__Task to complete__: Below are the entries. Print only the lines starting at the one with "Used 2022 Chevrolet" and ending at the one with "Mauritania 1995, 4-piece set", exactly, with no pictures.

__Records provided__:
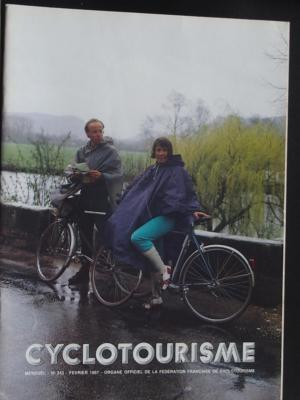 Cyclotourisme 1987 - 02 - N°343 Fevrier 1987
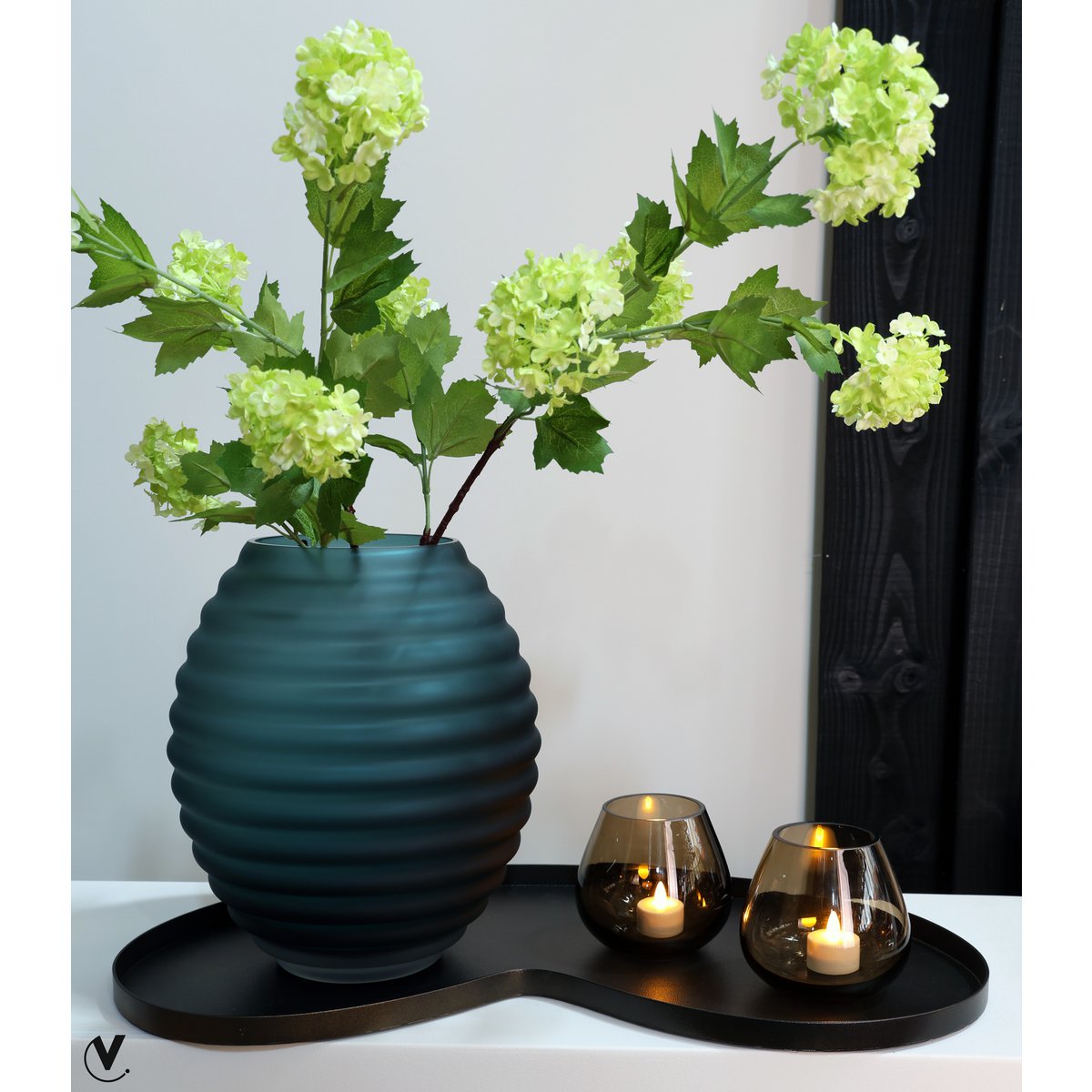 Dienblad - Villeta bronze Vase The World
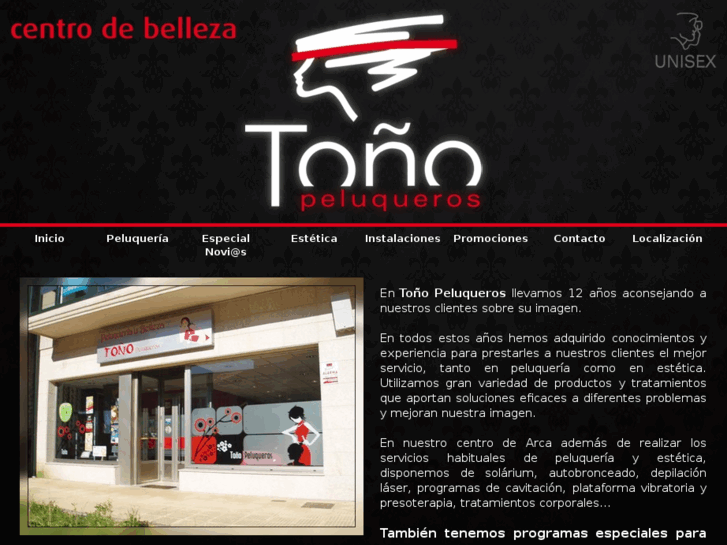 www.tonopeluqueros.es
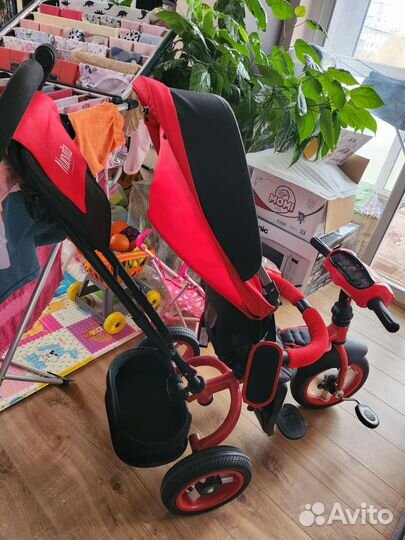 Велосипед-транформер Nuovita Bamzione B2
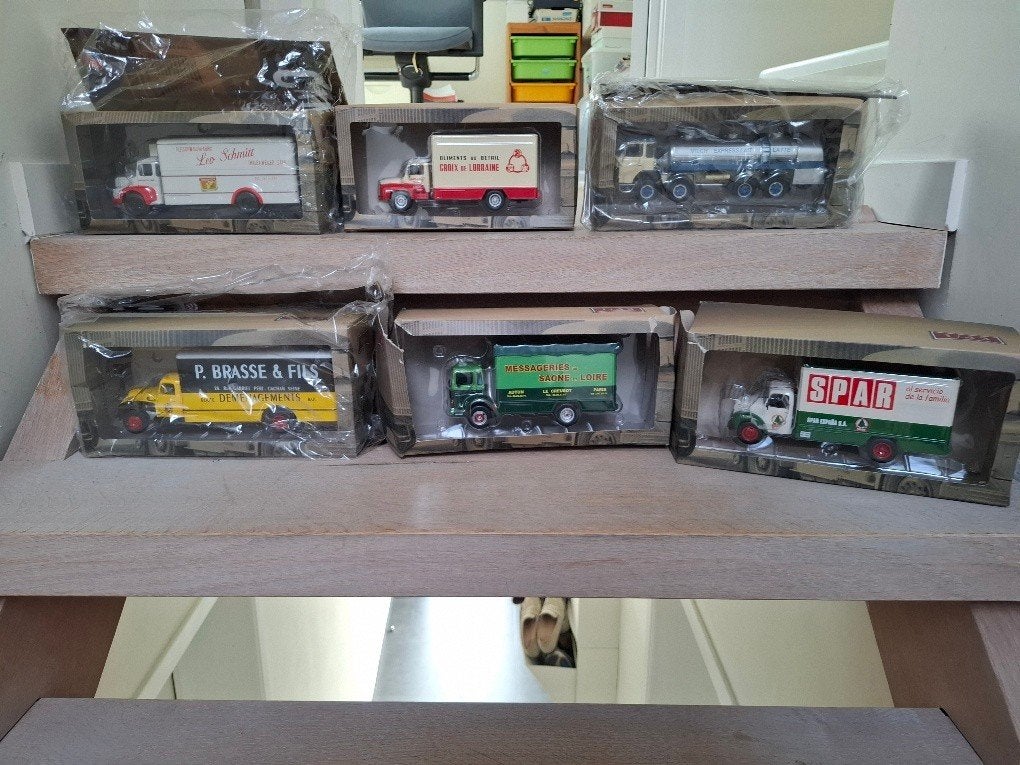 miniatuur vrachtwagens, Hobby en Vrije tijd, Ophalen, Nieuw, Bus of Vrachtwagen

...

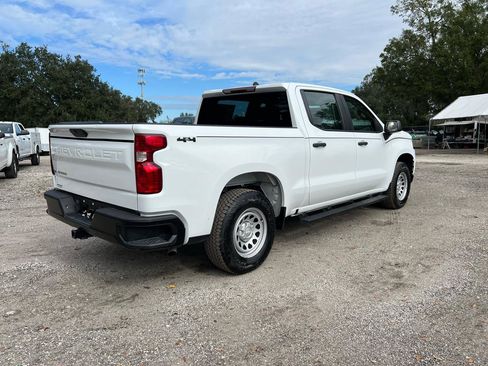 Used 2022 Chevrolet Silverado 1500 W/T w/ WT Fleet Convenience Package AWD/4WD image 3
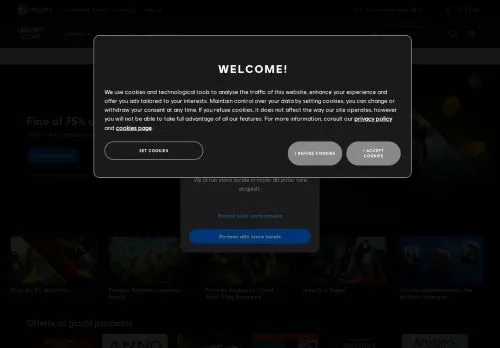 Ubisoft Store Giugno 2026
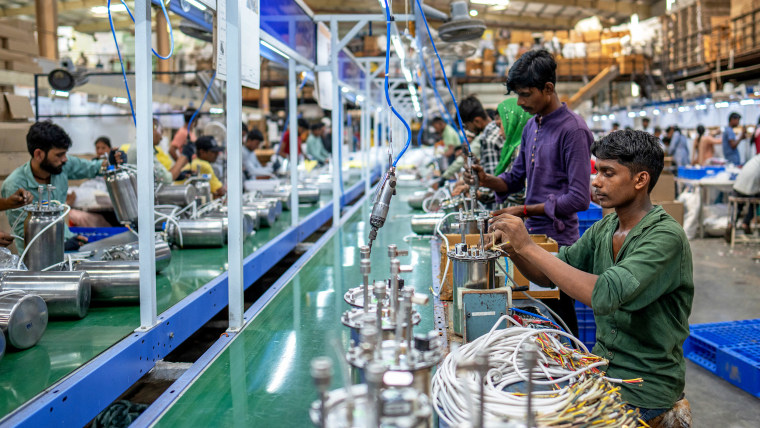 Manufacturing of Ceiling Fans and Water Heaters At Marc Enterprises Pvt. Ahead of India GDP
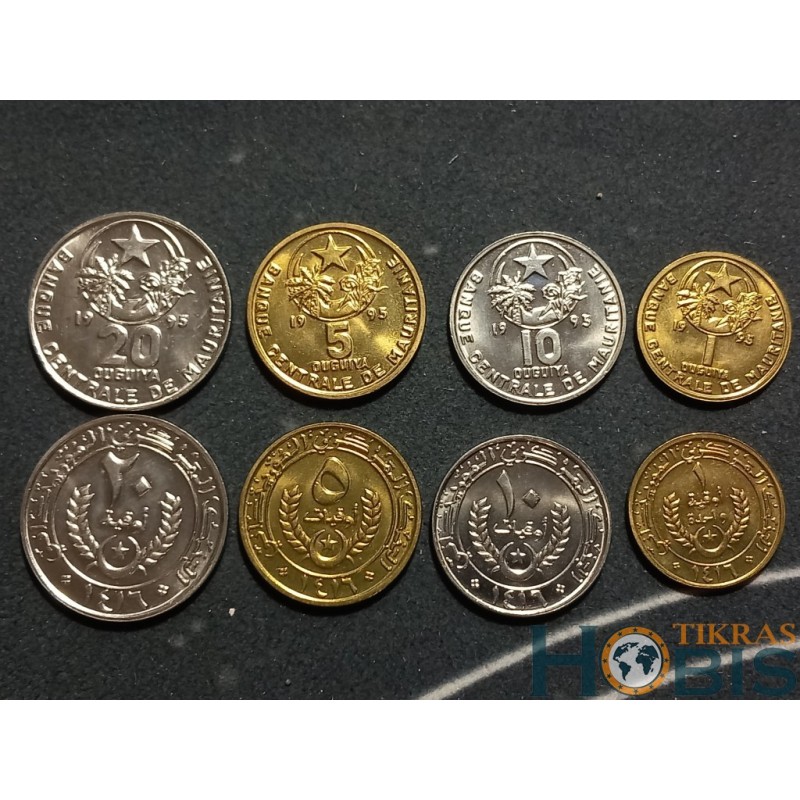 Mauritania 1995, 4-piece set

__Output for this task__:
 Used 2022 Chevrolet Silverado 1500 W/T w/ WT Fleet Convenience Package AWD/4WD image 3
 Ubisoft Store Giugno 2026
 Manufacturing of Ceiling Fans and Water Heaters At Marc Enterprises Pvt. Ahead of India GDP
 Mauritania 1995, 4-piece set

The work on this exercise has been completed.